The file has tons of options, and I opted for a British Expeditionary Force version. I’m hoping that is it is a close enough resemblance to the early marks from 1937-39.

The business end of the 2-pounder. Weak by 1940 standards, but quite powerful for the Interwar period!

Now, this is a controversial tank to use. Most VBCW tanks are much older, 1920’s or early 1930’s designs. However, by June 1938 an order was placed for 140 of these wonderful tanks. Work was slow, and in our timeline only two were completed by 1939.

This early model has a ‘trench tail’

I’m both speeding that up and slowing it down for my particular rendition of VBCW. The first production models were made by Vulcan Foundry in Lancashire. From here on out, it is all alternate history, be warned!

Rather conveniently, Lancashire falls under Royalist control early on.

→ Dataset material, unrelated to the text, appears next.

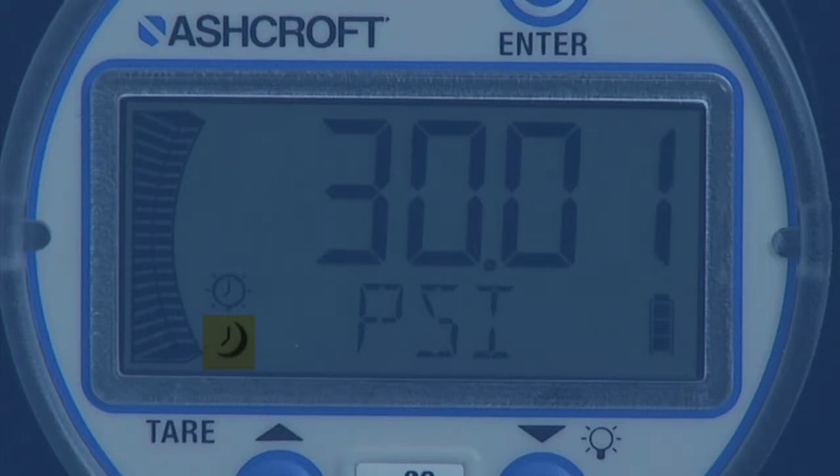A backlight icon indicates the backlight timer is active and also blinks 10 seconds before the backlight shuts down. Any key press will reset both timers. The tare icon is turned on when in tare mode, along with min and max icons which are accessed in programming mode, and a battery icon.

With war kicking off, the Government forces are desperate for these behemoths to enter service, and an inter-service tug of war kicks off on who gets to use these, the BUF’s Armoured Corp led by General Fuller, or the British Army’s Royal Tank Regiment. With two vehicles completed, it is decided that they will see service as ‘breakthrough’ tanks, and General Fuller pushes for the BUF to be granted use of them to break the Liverpool Free State. One is sent via rail to break that Socialist stronghold. The second is sent to the southern front, to be based out of London and sent via rail to where it is most needed. Production is however slow, and reinforcements of this ‘Queen of the Battlefield’ is held up by lack of supplies.

I see these behemoths being used much like a King Tiger would be in Bolt Action; Prohibitively expensive, but capable of controlling the battlefield like nothing else in this timeline can. Short of the French selling Char B1’s to Anglican forces, very little has this kind of armour. However it is painfully slow.

I am considering using this as a scenario only tank, with the capability of it being captured! Those rail-lines are only so secure after all…

With troops next to it!

But wait, what is this?

Oh yeah, its General Fuller time.

This is a fantastic rendition of J.F.C Fuller, who in this timeline is a major player in the BUF military wing, by Footsore Miniatures. I got him with my intial VBCW order, and have been waiting for a moment to paint him up!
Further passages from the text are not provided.